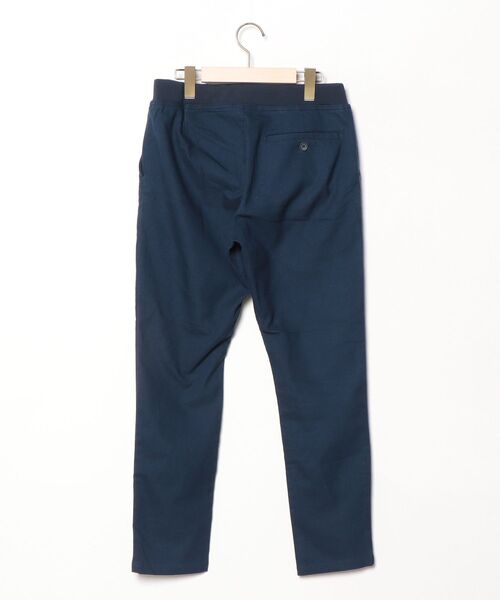 「ABAHOUSE」 イージーパンツ 46 ネイビー メンズ_画像2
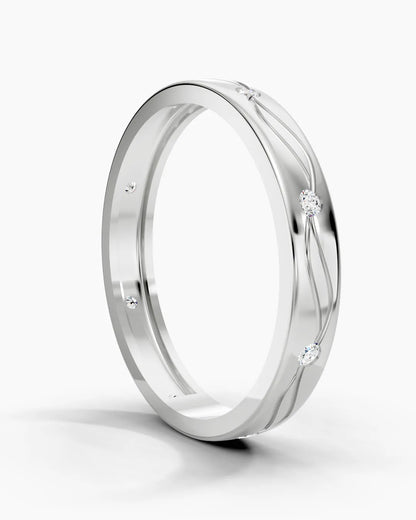 Celestial Tide Women Ring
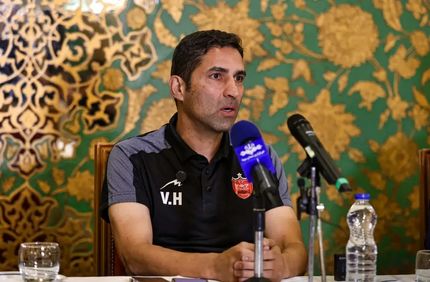 هاشمیان: به فوتبال زیبا هم باید فکر کرد / هواداران پیروزی می‌خواهند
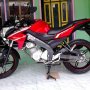 Jual vixion 2013 Gress Seperti baru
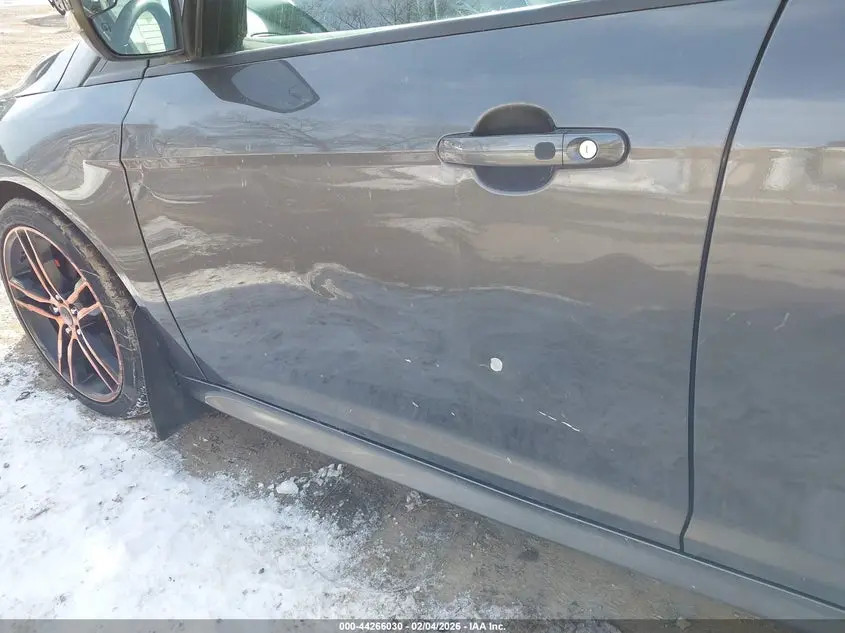 2015 FORD FOCUS ST  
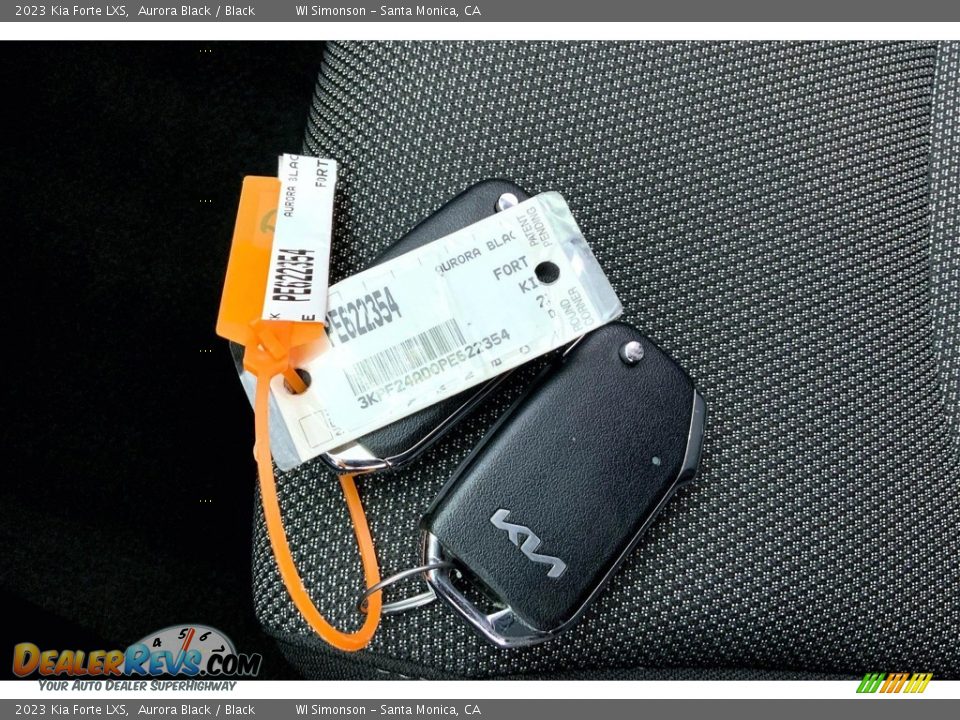 Keys of 2023 Kia Forte LXS Photo #11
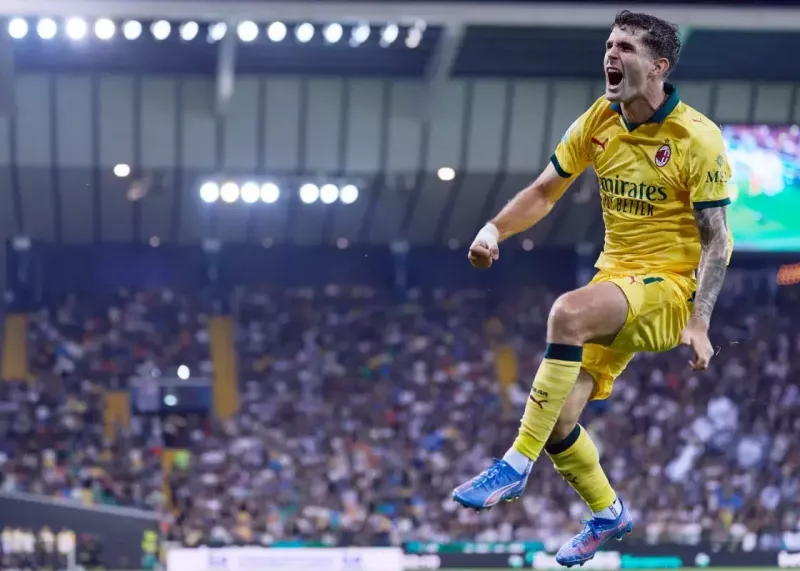 اودینزه 0-3 میلان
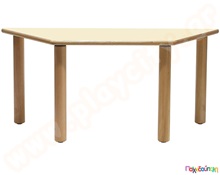 Ξύλινο Παιδικό Τραπέζι τραπέζιο φυσικό χρώμα  Ξύλινα Παιδικά Τραπεζάκια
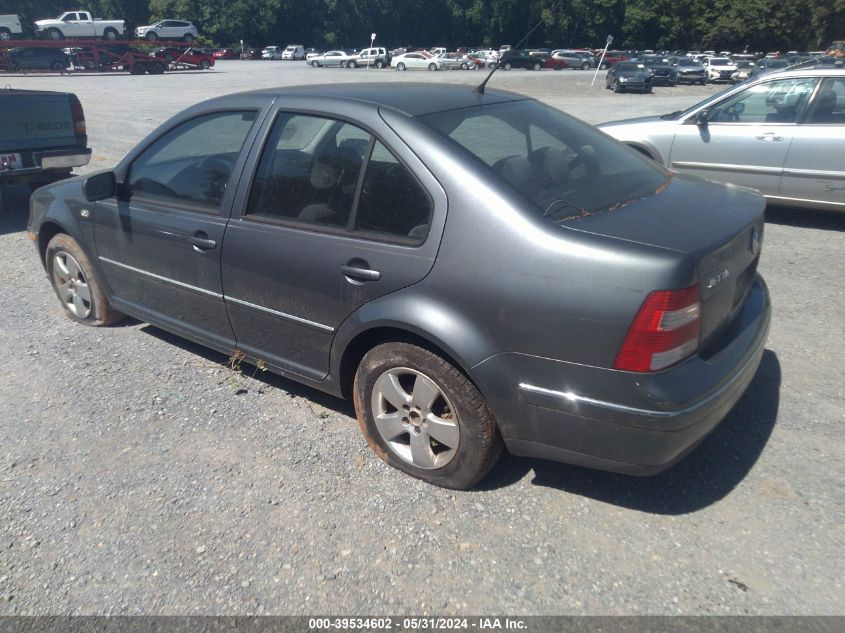 2004 Volkswagen Jetta Gls 2.0L VIN: 3VWSK69M54M031420 Lot: 39534602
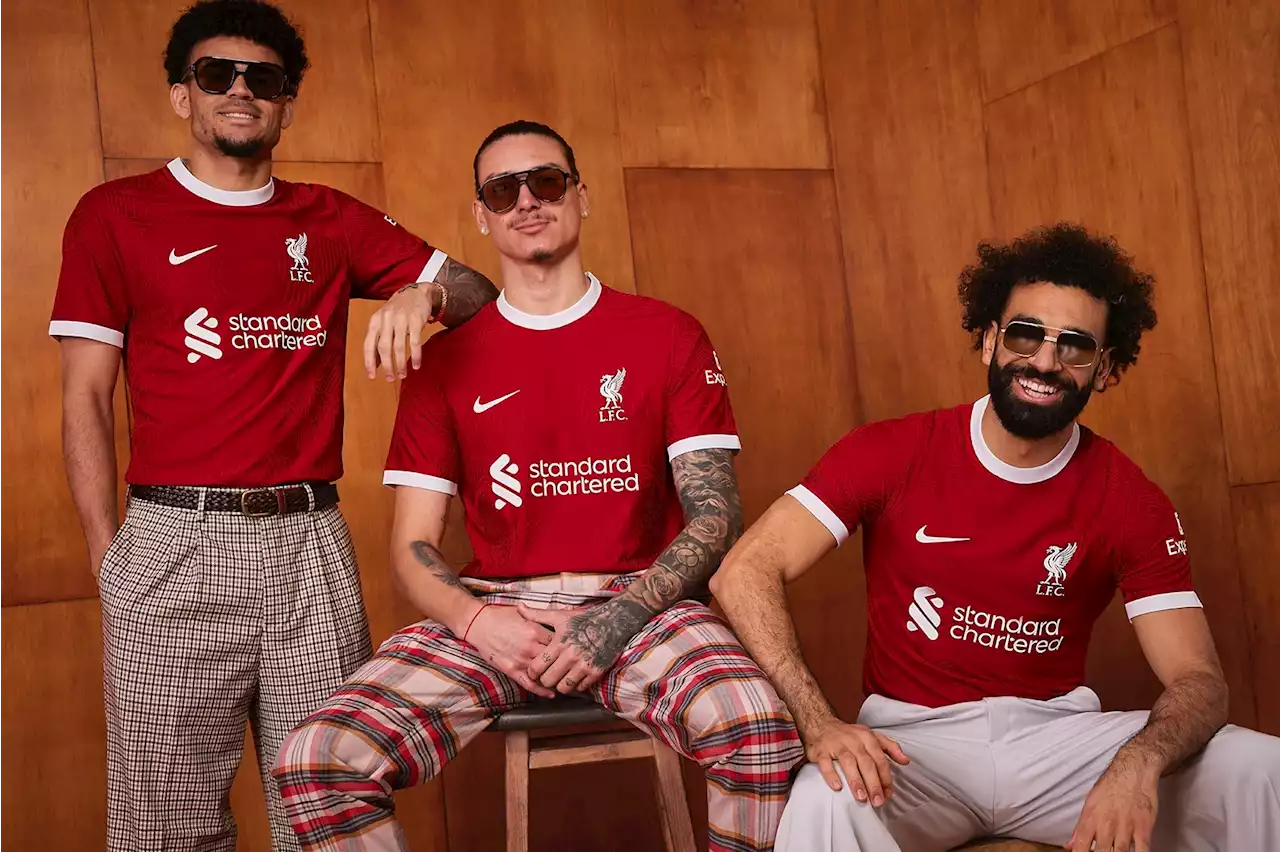 Salah, Nunez and Diaz don new Liverpool kit, but fans want different announcement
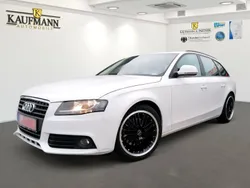 Weiß Gebraucht 2009 Audi A4 Attraction Kombi | 2.990 € (Superpreis)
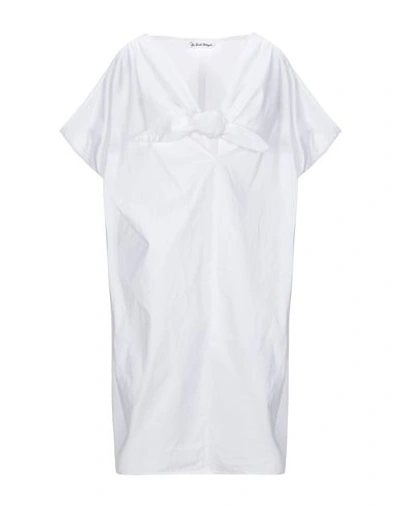Le Sarte Pettegole Short Dress In White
+---+
__Aim of the task__. Repeat exactly the lines above, beginning at the one containing "Keys of 2023 Kia Forte LXS Photo #11" and ending at the one containing "Salah, Nunez and". Do not carry over any pictures.

__Reply to the exercise__.
 Keys of 2023 Kia Forte LXS Photo #11
 اودینزه 0-3 میلان
 Ξύλινο Παιδικό Τραπέζι τραπέζιο φυσικό χρώμα  Ξύλινα Παιδικά Τραπεζάκια
 2004 Volkswagen Jetta Gls 2.0L VIN: 3VWSK69M54M031420 Lot: 39534602
 Salah, Nunez and Diaz don new Liverpool kit, but fans want different announcement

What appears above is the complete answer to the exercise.